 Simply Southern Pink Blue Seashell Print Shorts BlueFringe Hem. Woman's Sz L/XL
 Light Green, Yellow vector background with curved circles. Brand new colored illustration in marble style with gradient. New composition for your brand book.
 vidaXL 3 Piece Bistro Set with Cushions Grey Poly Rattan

•••

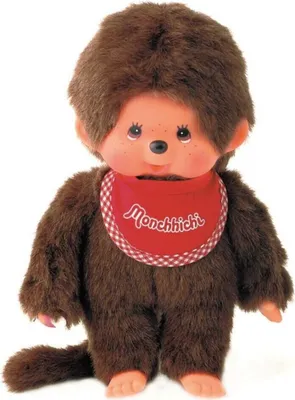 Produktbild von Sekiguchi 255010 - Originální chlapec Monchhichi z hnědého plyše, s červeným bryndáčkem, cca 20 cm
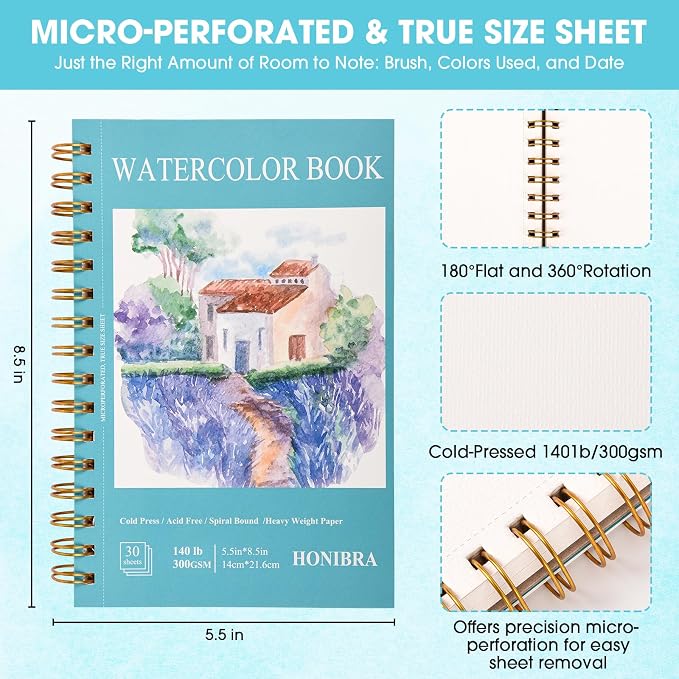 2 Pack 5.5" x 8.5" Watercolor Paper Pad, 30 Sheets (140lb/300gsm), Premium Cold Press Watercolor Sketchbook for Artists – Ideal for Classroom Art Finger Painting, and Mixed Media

•••

◆ Task details
Excluding any pictures, print exactly the lines of the listing above from the line with "Produktbild von Sekiguchi" to the line with "and Mixed Media", both ends included.

◆ Answer section
 Produktbild von Sekiguchi 255010 - Originální chlapec Monchhichi z hnědého plyše, s červeným bryndáčkem, cca 20 cm
 2 Pack 5.5" x 8.5" Watercolor Paper Pad, 30 Sheets (140lb/300gsm), Premium Cold Press Watercolor Sketchbook for Artists – Ideal for Classroom Art Finger Painting, and Mixed Media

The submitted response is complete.